When you feel your dog has grasped the idea of pointing at the right card in the opposite hand it is time to frequently change the cards from one hand to another. We don't want him to associate a card with which hand it is held in.

From here on in it is just a matter of practice. Practice daily if possible. Soon your dog will have mastered successfully choosing the card with his name on most of the time. Your dog has learned to read his name! Don't expect him to get it right 100% of the time. My dogs got it wrong occasionally but getting it right most of the time is good enough.


The Next Round

You can move on from here and introduce the next pair of cards.
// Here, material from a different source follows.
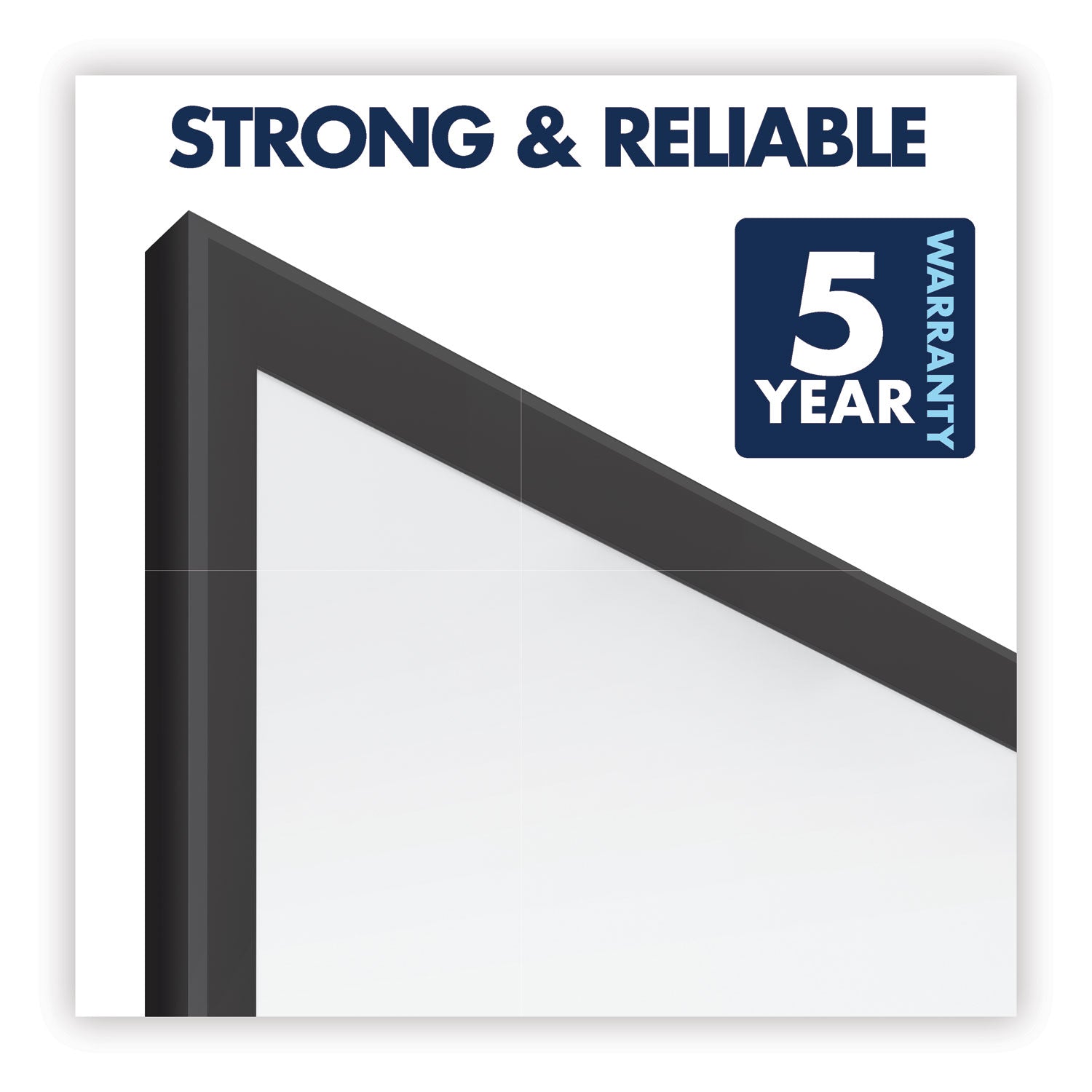 Quartet Classic Series Nano-Clean Dry Erase Board, 60 x 36, Black Aluminum Frame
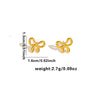 Wholesale Titanium Steel Earring Set Clavicle Chain And Bracelet With Bow Tie Styling And Electroplating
Make two more cards with different words on them. For example I used the words DINNER and BATH. The question I asked my dog was "What do you hate?"

Now repeat the same procedure we have used previously.

Then it's up to you how far you and your dog want to go. As each word is learned you can move on to the next pair of words. One of my dogs had twenty cards ie he could read ten words. He may have been able to learn more but that is where I stopped.

Summary of Teach Your Dog to Read

1. Your dog must know how to sit before you start this guide.

2. Teach your dog to point.

3. The exercises must be fun at all times.

4. No scolding

5. Start with one card only.

6. Introduce a second card

7. Swap the card into the opposite hand.

8. Swap the cards into the opposite hand more frequently.

9. Have patience

10. Repeat all steps with a new pair of flash cards.